There is a note that the library “Supports different lua_Number types: either IEEE 754 doubles, int32_t or int64_t.”

1 Like

Thanks to @menaechmi @Mathias_Westerdahl @britzl @GooseSwanson

I want to use integers as bitmask, essentially for an ecs module. The ecs works perfectly fine with bit position 0 .. 31 but some errors appear if I use indexes above 31. So I think the bit module used by Defold only works for 32 bit integers as afar as my use case is concerned. Note also that some methods of the bit API here API reference (bit) explicitly limit the bit position to 0 .. 31.

@menaechmi I will try to understand what FFI semantic is.

@GooseSwanson Writing an extension would be indeed a solution. Thanks for the valuable hints!

@britzl Thanks for the link, I will try and see if it works for me.

Sorry, here’s a super quick example of how you might use the FFI:

local ffi = package.preload.ffi()
local bitmask = ffi.new("uint64_t", 13) -- creates a 64-bit int holding 0xD
local one_64 = ffi.new("uint64_t", 1) -- creates a 64-bit int holding 0x1
local max = ffi.new("uint64_t", 0xFFFFFFFFFFFFFFF) -- creates a 64-bit int holding 0xFFFFFFFFFFFFFF
print(bit.bor(bitmask, bit.lshift(1, 5))) -- 13 | (1 <<5) output: 45ULL
print(bit.lshift(one_64, 63)) -- output: 9223372036854775808ULL (2^63)

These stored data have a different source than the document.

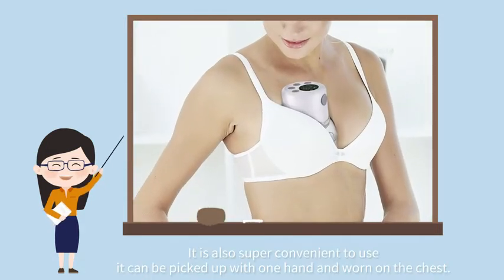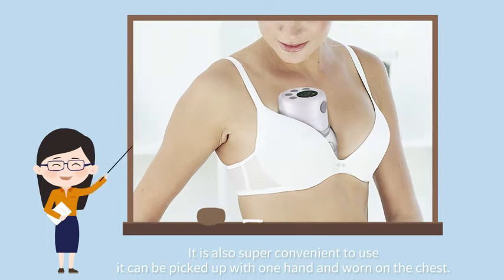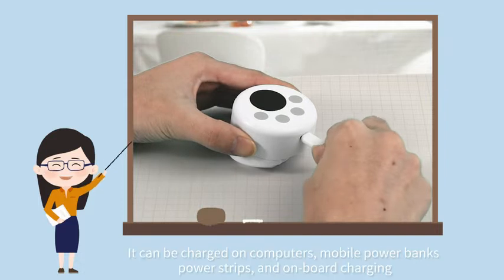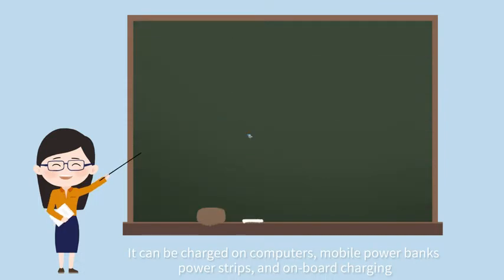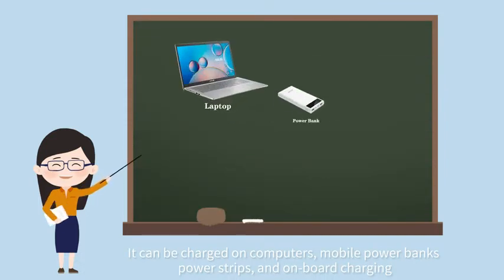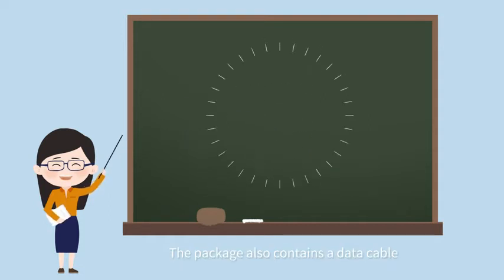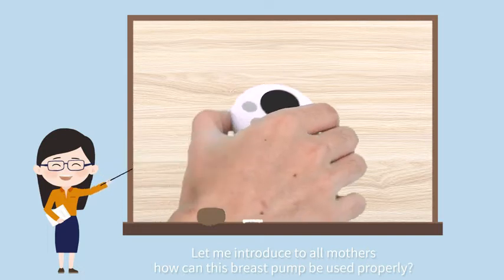It is also super convenient to use. It can be picked up with one hand and placed on the chest. Charging is also very convenient — it can be charged on computers, mobile power banks, power strips, and via on-board charging. The package also contains a data cable. Really caring.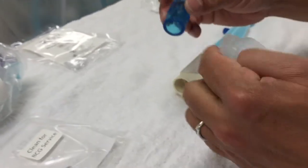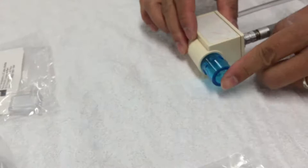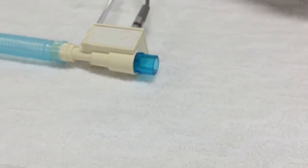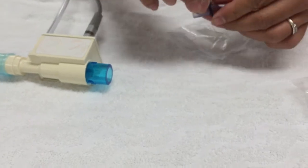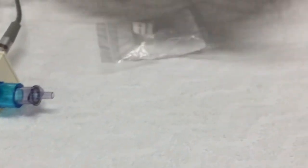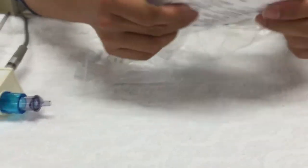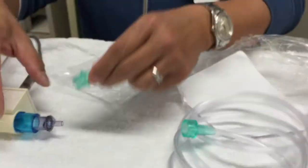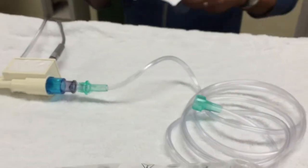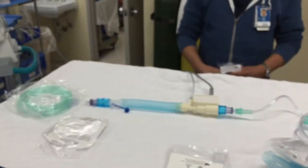Now going backwards — open up your other adapter, goes right there, goes there. And your oxygen tubing goes there. There you go — now you have the whole setup assembled. We'll just go over how the other connectors connect with the machine.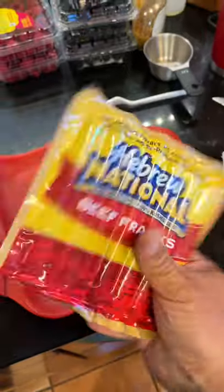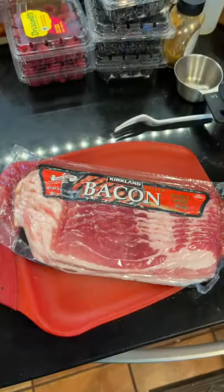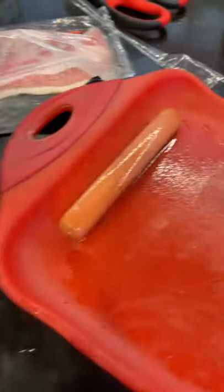Today we are doing keto friendly bacon wrapped hot dogs — two grams net carbs each on these Hebrew Nationals. It's keto so we're gonna have to wrap it in bacon and some keto bread. Grab your wiener, get a nice slice of bacon — got one more left. Do you want it with bacon or without?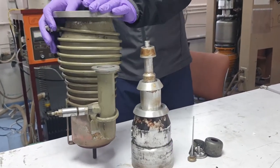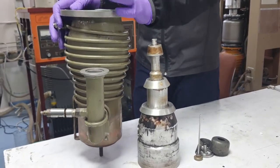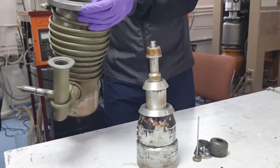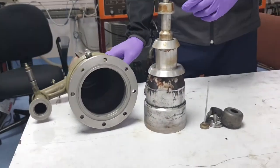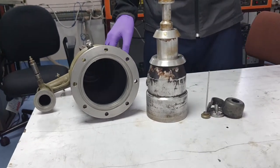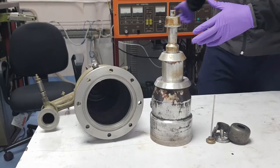Recently we have cleaned this diffusion pump using carosinol — or one may also use xylene — and after that cleaning we have wiped the residues with isopropyl alcohol, then dried it. Now we are going to assemble this diffusion pump for reactive air etching.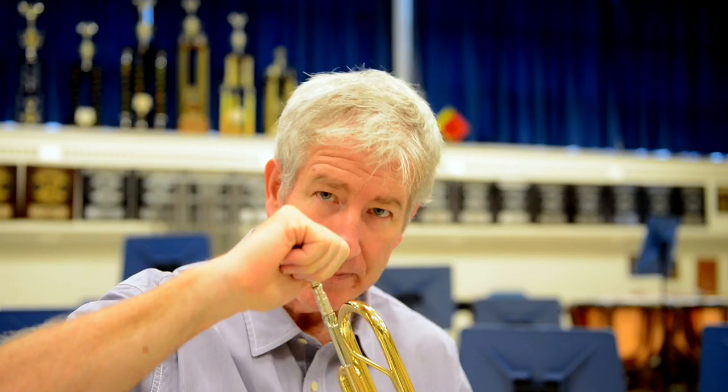Hey, trumpet players. Here we go. Very easy for you. Take your mouthpiece and all you need to do is put the mouthpiece in, give it a little snug twist and you're good to go.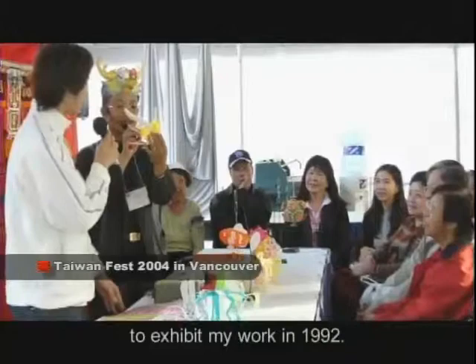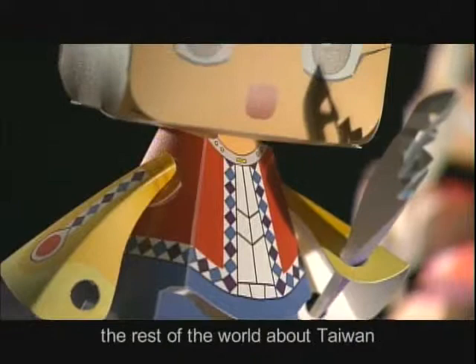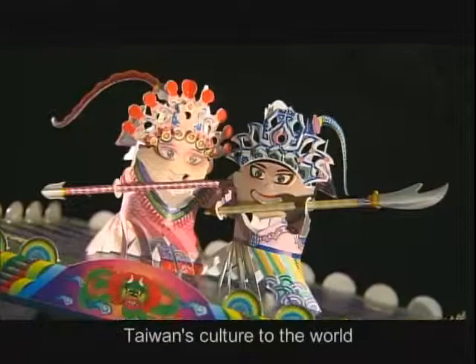Since 1992, I have been working to bring my craft to different countries. I hope to make the world recognize Taiwan as well.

The important part of the semantics I linked is:

  1. Ensure the first number is a uint64_t, or the output will be converted.
  2. Don’t expect tobit() to work above 32 bits (to_hex works up to limits I mentioned above)
print(bit.lshift(one_64, 63)) -- output: 9223372036854775808ULL (2^63)
print(bit.lshift(1, 63)) -- output: -2147483648 (treated as a uint32_t)
2 Likes

@menaechmi Thank you very much! This is indeed very useful!